Оливия затаила дыхание, боясь помешать рассказу: вот он, тот драгоценный момент, когда интервью превращается в спектакль. Но Зоя про журналистку давно уже забыла – она беседовала с каким-то воображаемым зрителем, скрывавшимся за объективом кинокамеры. Так актер говорит со сцены, обращаясь не к залу, а к конкретному лицу: вон к тому, в девятом ряду, с внимательными глазами.
– Ты проскакиваешь через ворота церкви, – продолжала декламировать Зоя, – цепляясь рукавом за завиток на чугунной оградке, мимо изможденного старичка с картузом в дрожащей руке, мимо набухающих зеленью берез, по каменным ступеням взлетаешь вверх… И вот уже потрескивают свечи, подрагивают языки лампад, а из-за рядов подбитых ватой мужественных плеч и дамских кружевных накидок доносится распевно: «Обручается раб Божий Андрей рабе Божьей Ольге…» И ты проталкиваешься что было сил вперед, вдыхая плотный ладанный воздух, мечтая увидеть юные лица тех, кому через много лет суждено стать… твоими родителями.
IV
Посылка
За окном истерично взвизгнула электрическая газонокосилка. Зоя поморщилась и жестом попросила прервать съемку. Распахнув дверь, в которую тут же хлынул соленый ветер, она что-то крикнула невидимому садовнику, и особняк опять погрузился в тишину.
– А хотите немного домашнего сидра? – неожиданно предложила актриса, на секунду задержавшись возле буфета, в котором за натертыми до полного исчезновения стеклами красовались бокалы причудливой огранки.

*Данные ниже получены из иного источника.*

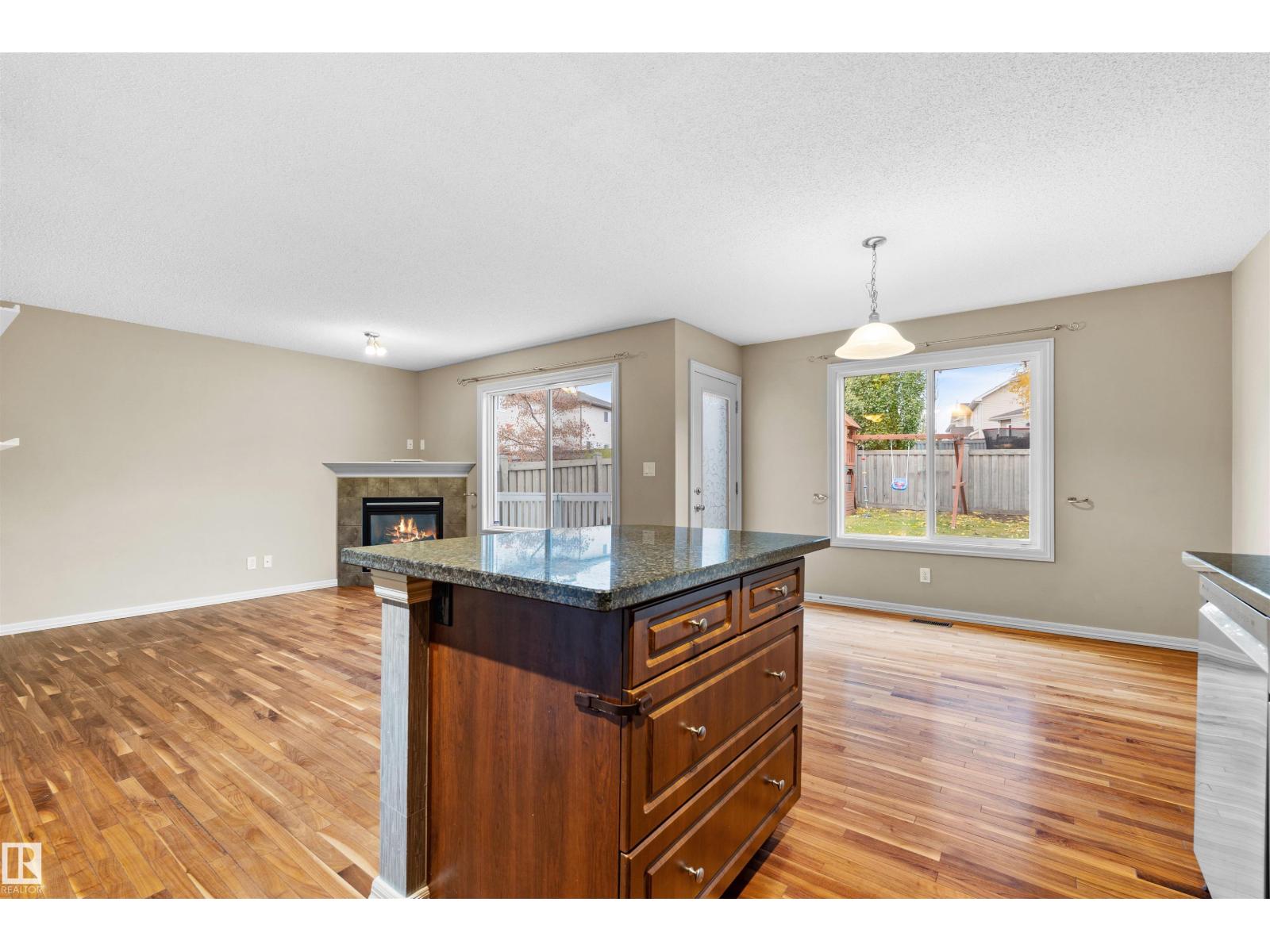 4816 213 St NW photo 4 — MLS® E4513373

Она достала из холодильника кувшин и наполнила свой фужер мутноватым яблочным напитком.
Через секунду Вишневская уже вновь сидела в кресле. В просвете за ее спиной в стремительном чарльстоне вертелись мелкие пылинки. По краю опустевшего фужера медленно перемещалось неуклюжее тело осы.
– Худшего момента для женитьбы придумать, конечно, было трудно, – продолжила Зоя. – В начале тридцатых до Франции докатились отголоски большой депрессии. Работу найти было невозможно, предметы искусства продавались плохо, и родители с трудом держались на плаву. Одалживаться у тестя отец не желал – отношения между ними так и не наладились. Дед считал папу непрактичным чудаком, человеком «эксцентрического толка», неспособным обеспечить его дочери достойное будущее. «Он малюет какой-то деформированный, болезненный мир, – возмущался дед, восседая в габардиновом жилете, украшенном толстой часовой цепочкой, в своей нарядной гостиной. Ее обстановка сплошь состояла из расписных пасхальных яиц, пузатых самоваров, ажурных салфеток, пышнотелых красавиц в золоченом багете и всякой прочей цветистой ярмарочной роскоши, заменившей ему настоящую Россию. – У него на картинах не люди, а субстанции, какие-то уродливые карлы вместо живых существ! И вот эту ядовитую мазню он называет искусством!»